金が高値を更新し続けている中、銀の価格も急騰している。貴金属の販売・買い取りを行う田中貴金属工業のHPによると、銀1グラムあたりの店頭小売価格(税抜)は2023年11月の最高値が133.87円だが、24年11月には179.19円を記録。1年間で1.3倍以上の伸びをみせた。
11月7日発売の「週刊新潮」では、銀価格の急騰について報じた。記事では、日本貴金属マーケット協会代表理事の池水雄一氏の話として、銀は金と同様に昔から宝飾や通貨に使われる貴金属とみなされてきたため、金と似たような値動きをすると紹介している。銀の高騰は金価格に引っ張られてきたというのが一因のようだ。ただし、金は9割が宝飾用や国家備蓄として買われるが、銀は半分近くが工業原料。銀を使う産業の景気によって、銀価格は上下するようだ。

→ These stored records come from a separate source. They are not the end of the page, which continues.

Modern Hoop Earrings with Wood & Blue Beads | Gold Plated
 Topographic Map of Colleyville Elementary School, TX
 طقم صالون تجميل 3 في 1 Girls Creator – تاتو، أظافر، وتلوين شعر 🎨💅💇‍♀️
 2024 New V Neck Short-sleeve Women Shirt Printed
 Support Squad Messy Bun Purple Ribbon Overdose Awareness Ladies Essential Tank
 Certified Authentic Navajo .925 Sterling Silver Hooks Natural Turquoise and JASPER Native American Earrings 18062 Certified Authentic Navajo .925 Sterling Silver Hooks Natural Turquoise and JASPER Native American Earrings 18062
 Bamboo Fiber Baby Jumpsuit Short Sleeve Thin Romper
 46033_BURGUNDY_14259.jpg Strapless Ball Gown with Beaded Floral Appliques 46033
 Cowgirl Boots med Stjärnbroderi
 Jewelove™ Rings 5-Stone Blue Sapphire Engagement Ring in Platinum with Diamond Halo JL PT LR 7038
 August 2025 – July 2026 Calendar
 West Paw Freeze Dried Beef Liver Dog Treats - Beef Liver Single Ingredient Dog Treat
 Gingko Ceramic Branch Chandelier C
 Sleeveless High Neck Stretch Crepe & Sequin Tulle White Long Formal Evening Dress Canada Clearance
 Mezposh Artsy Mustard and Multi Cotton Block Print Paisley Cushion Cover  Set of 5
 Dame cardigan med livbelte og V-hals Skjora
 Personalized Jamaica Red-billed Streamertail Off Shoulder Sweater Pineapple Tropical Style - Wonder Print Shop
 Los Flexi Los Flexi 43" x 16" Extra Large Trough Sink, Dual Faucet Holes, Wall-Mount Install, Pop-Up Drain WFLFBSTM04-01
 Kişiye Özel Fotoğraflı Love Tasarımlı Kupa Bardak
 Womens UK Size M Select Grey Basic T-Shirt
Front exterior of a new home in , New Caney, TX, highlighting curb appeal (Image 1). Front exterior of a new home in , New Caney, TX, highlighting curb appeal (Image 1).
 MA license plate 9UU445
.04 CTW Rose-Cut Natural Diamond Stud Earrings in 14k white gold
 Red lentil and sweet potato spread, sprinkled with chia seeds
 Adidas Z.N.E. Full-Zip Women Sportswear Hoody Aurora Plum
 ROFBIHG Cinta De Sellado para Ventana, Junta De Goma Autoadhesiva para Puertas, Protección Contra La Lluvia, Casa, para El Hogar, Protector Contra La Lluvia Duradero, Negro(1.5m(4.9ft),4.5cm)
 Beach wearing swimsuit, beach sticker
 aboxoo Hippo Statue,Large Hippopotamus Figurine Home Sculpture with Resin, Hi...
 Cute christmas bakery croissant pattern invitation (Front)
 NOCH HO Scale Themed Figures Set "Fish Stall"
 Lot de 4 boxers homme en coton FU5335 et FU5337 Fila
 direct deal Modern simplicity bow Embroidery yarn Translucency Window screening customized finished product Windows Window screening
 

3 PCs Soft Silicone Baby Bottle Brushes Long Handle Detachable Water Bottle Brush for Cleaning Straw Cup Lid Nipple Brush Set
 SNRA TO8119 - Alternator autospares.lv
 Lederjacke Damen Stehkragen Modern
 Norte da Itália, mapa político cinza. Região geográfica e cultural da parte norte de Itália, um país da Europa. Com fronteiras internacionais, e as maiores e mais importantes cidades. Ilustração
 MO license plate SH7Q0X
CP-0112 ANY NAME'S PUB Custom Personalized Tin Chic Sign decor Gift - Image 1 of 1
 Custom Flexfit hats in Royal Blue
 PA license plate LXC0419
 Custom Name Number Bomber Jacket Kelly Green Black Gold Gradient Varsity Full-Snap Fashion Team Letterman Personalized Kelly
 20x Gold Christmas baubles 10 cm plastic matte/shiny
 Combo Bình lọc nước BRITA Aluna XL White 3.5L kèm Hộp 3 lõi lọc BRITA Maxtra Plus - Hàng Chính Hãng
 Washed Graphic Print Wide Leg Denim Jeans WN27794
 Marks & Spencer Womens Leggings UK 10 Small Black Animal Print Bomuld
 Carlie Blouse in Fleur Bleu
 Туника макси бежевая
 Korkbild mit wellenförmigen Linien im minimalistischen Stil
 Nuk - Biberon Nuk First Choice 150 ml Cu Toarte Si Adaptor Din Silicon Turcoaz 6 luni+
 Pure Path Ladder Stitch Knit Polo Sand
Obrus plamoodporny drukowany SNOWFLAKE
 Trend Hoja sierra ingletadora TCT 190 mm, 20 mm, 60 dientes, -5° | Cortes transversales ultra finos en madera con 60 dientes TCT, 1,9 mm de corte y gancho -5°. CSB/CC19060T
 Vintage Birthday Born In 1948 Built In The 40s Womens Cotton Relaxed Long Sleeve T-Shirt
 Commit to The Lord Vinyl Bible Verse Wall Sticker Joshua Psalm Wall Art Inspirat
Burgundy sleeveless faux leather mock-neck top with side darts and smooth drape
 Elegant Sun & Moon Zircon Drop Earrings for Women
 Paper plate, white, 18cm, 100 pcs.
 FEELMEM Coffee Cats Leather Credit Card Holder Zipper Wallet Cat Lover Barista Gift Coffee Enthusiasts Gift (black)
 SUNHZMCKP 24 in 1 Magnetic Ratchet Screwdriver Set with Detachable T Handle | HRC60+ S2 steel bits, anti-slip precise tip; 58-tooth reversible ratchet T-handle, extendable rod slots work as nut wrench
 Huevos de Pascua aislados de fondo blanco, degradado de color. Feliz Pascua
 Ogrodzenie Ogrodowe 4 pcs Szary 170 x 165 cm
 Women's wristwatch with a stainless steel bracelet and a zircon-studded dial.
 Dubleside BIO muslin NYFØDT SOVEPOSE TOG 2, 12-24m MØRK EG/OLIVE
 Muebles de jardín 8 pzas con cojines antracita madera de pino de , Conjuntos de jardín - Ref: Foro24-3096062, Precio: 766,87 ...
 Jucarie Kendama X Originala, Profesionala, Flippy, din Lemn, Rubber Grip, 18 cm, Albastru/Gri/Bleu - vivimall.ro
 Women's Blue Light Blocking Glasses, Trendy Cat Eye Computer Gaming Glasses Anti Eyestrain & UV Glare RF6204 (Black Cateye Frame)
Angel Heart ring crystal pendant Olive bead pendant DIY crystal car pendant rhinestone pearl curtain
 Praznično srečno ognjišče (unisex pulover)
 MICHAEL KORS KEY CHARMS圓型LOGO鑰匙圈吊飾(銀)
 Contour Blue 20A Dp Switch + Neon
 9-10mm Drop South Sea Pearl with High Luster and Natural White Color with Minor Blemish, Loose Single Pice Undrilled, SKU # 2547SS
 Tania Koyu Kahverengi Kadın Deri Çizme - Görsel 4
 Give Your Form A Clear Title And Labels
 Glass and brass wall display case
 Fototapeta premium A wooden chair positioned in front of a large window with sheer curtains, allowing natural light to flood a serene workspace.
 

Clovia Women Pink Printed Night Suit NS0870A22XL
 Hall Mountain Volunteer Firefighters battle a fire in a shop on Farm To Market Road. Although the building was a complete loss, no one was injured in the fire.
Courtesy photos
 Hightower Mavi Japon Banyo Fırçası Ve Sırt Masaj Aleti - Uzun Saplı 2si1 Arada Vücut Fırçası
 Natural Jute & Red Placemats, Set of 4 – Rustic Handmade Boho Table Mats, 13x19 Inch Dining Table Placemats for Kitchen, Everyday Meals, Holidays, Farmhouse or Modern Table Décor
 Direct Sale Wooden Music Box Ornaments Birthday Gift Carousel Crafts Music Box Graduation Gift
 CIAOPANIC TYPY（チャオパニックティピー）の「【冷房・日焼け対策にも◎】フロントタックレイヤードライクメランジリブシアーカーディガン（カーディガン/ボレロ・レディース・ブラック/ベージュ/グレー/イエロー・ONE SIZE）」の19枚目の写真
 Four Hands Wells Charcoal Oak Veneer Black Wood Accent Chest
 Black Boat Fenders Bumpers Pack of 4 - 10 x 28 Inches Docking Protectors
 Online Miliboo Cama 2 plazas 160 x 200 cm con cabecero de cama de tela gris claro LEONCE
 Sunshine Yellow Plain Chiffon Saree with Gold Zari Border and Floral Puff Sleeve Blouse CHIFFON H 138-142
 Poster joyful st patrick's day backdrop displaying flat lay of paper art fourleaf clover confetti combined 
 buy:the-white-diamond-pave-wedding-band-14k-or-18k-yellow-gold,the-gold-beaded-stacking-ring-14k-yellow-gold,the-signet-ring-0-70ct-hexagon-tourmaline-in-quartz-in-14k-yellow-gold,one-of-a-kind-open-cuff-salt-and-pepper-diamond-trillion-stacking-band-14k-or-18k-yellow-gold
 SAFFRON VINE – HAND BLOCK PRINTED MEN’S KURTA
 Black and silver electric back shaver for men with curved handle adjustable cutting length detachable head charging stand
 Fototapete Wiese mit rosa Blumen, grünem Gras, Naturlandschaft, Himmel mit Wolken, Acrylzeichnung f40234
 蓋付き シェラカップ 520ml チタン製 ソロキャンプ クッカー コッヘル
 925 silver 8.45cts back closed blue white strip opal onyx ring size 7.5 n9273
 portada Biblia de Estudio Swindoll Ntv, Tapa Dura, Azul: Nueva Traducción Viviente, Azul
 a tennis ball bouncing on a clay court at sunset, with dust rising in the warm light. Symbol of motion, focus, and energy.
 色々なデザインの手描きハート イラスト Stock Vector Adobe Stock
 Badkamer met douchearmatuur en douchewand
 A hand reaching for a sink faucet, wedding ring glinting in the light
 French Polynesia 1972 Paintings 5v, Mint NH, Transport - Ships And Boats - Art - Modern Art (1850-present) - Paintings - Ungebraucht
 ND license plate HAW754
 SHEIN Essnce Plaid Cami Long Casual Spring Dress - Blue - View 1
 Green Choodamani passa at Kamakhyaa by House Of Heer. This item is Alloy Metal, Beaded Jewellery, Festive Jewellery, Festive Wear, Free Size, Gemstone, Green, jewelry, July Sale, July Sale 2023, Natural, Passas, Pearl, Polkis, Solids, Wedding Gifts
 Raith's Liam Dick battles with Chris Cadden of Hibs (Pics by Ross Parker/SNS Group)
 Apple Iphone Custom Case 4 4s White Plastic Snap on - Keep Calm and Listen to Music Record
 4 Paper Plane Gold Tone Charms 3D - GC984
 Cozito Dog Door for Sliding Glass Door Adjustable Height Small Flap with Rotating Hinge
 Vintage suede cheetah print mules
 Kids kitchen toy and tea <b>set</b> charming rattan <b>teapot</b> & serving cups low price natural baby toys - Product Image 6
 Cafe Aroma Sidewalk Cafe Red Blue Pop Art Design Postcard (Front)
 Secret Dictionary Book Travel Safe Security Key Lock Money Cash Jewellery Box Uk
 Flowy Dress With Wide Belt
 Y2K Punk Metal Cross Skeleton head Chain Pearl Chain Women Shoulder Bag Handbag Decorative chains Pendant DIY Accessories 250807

工業用として、銀は半導体や太陽光パネルなどに使用されている。電子機器には欠かせない半導体の需要は今後も続くと見られ、太陽光パネルも再生可能エネルギーへの関心の高まりが追い風となっている。ちなみに、東京都では25年4月から新築住宅への太陽光パネルの設置が義務化。これが全国へと波及すれば、太陽光パネルの需要は一気に増えるかもしれない。
「銀に投資するには地金商で現物を購入するほか、銀価格に連動したETF(上場投資信託)を通じて購入することができます。ただ、銀は金と比べて市場が小さいことなどから価格の値動きが激しいのが特徴です。投資は余剰資金で行い、決して無理はしないこと。また、目先の値動きに一喜一憂せず、長期的な視野を持つことが必要です」(マネー誌ライター)
銀は魅力的な投資商品だが、注意も必要だ。